Once upon a time, I went to the drive-in cinema with a couple of my brothers and watched a double feature. I don't quite recall what the first was right now (it will come to me at some point), but I do remember the second. It was part of a series and it was the first I had seen - A Nightmare on Elm Street 3. As you might be able to deduce by it being at the drive-in cinemas, this was quite a while ago and I was in fact, seven years of age.

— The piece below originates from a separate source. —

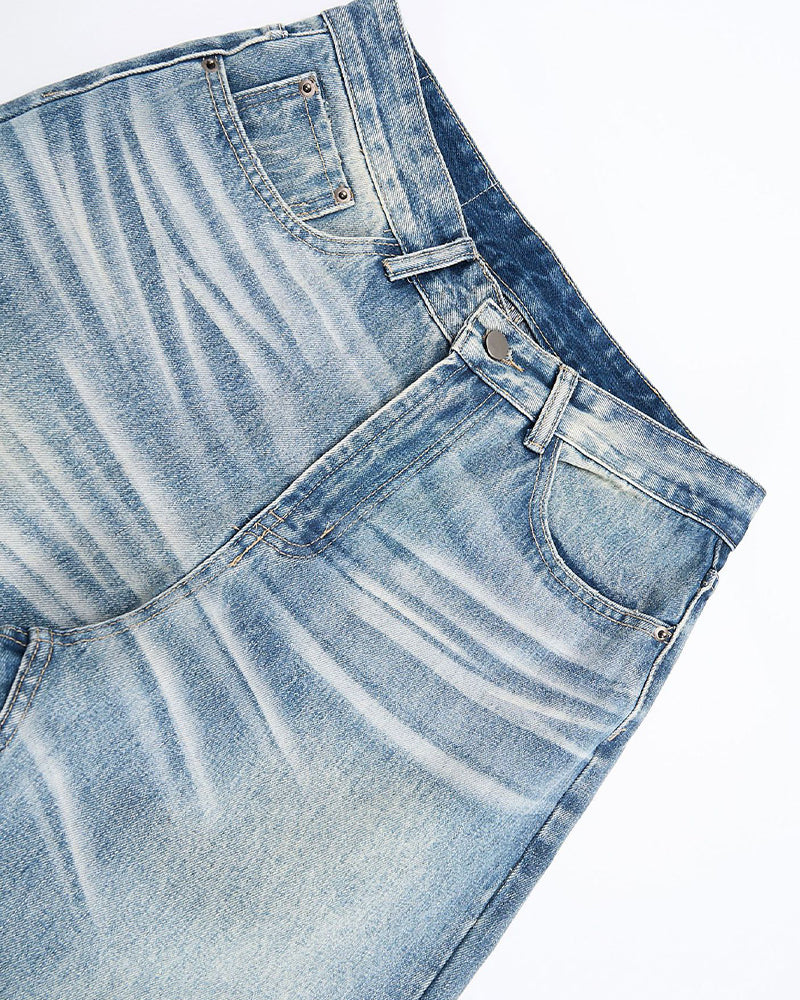 Retro casual straight leg jeans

A little too young perhaps.
This evening we took Smallsteps to see F1 The Movie as we are both fans and my wife tagged along. My wife booked the tickets and then after said "but the movie is 12+ and Smallsteps won't get in". Now perhaps as you can imagine, I am not a fan of a government telling me what is or what is not appropriate for my daughter to watch. Sure, they can provide a guideline, but they can't enforce it. Especially in the culture of streaming content. But apparently, the cinema can go down three years if accompanied by parents.
Smallsteps is nine next week. We lied.
But why should we have to?
But after seeing the movie, which we liked, I checked the rating advisory on IMDB, as I don't think there was anything in there that was overly dramatic enough to have even a 12+ rating on it, other than a bit of swearing, but even that wasn't exaggerated and if anything, I was expecting a bit more. There were no sex scenes and no nudity, no death and other than a driver being pulled from a burning car, it was pretty lame in terms of what would restrict viewing.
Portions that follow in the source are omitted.